▸ PROBLEM DETAILS
From the listing below, restate word for word the lines from the line containing "2025-26 Manchester United FC Third Shirt" down through the line containing "گلدن لنز لنز شماره 2". Exclude pictures.

▸ STORED DATA

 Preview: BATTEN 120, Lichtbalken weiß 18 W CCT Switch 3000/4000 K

==

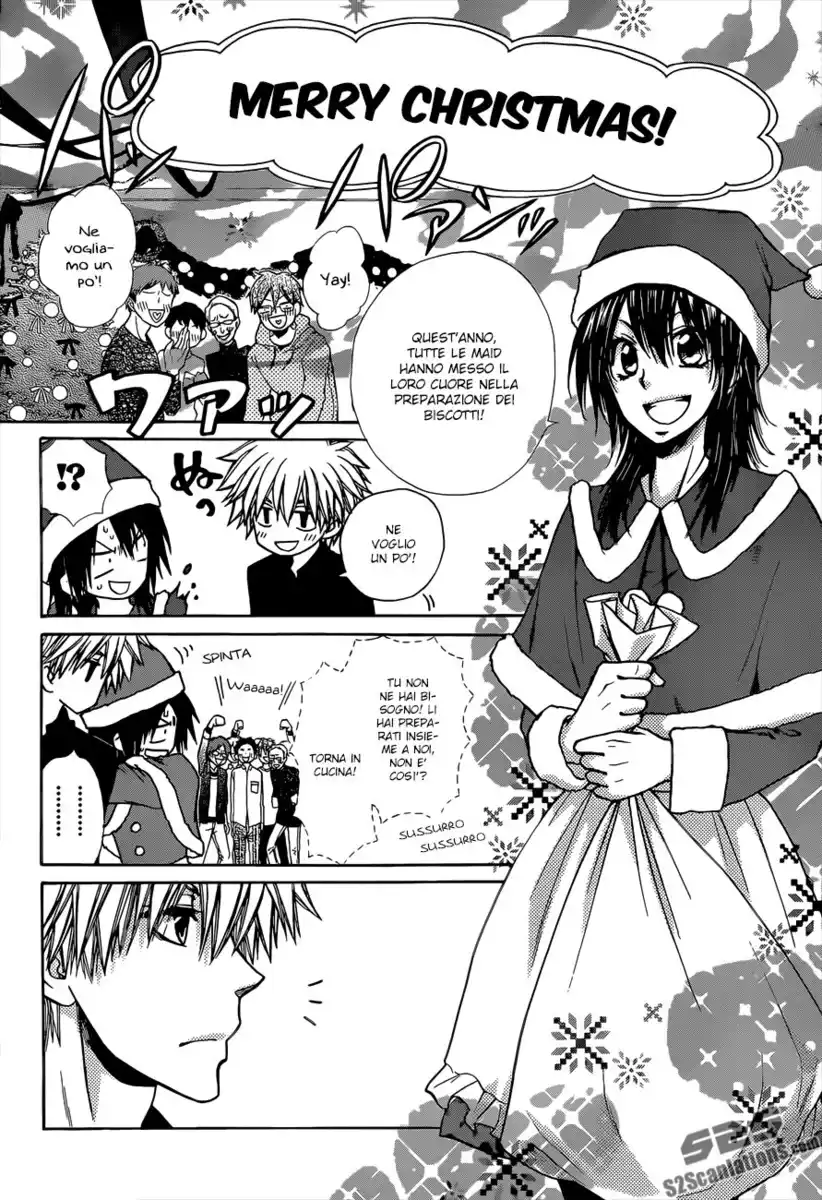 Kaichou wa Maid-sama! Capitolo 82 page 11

==

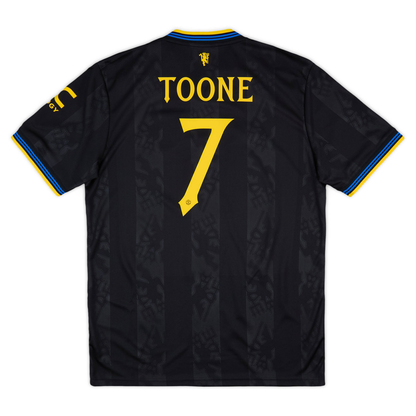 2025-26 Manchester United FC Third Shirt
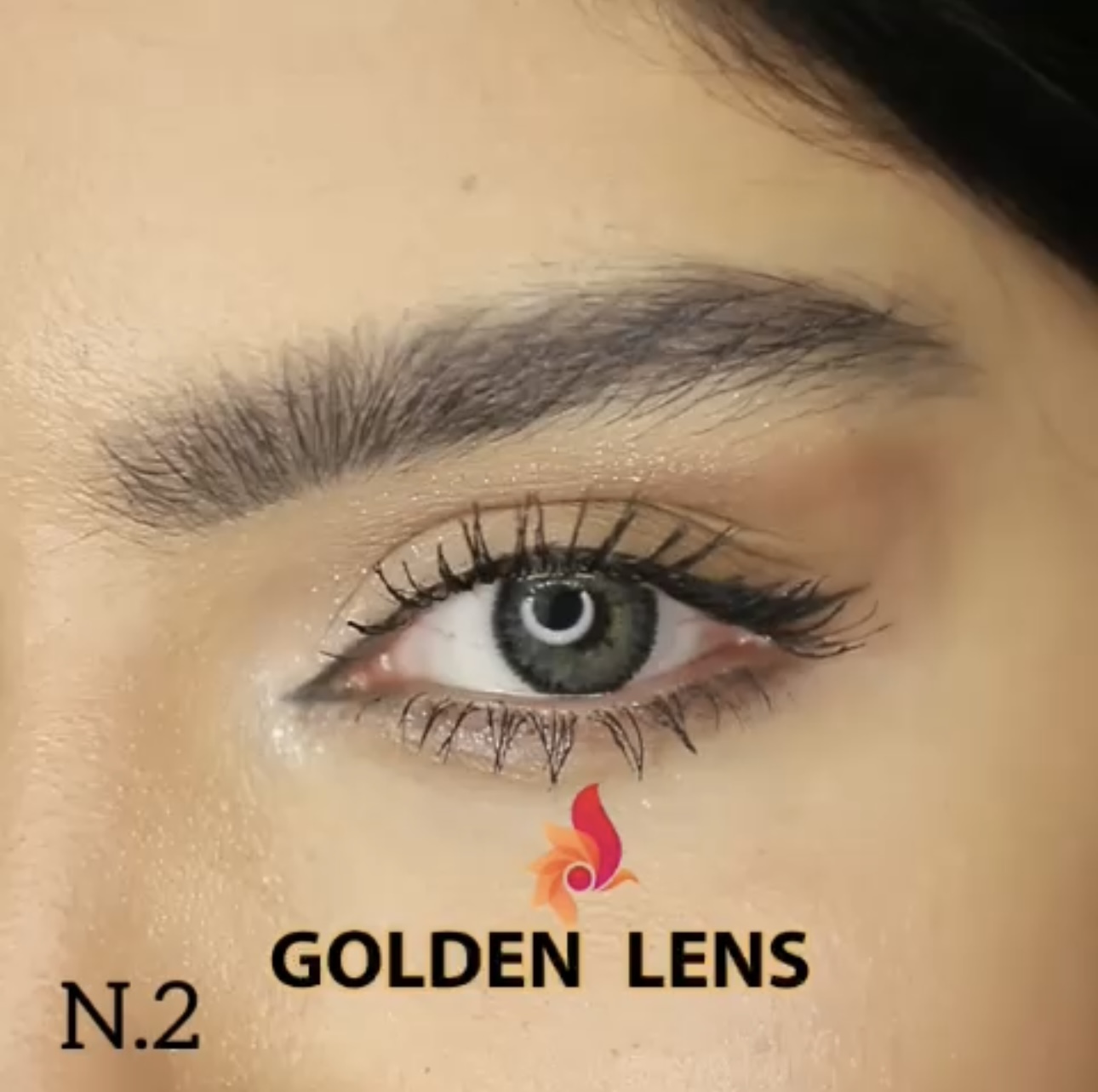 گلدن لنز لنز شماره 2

▸ SOLUTION TO THE EXERCISE
 2025-26 Manchester United FC Third Shirt
 گلدن لنز لنز شماره 2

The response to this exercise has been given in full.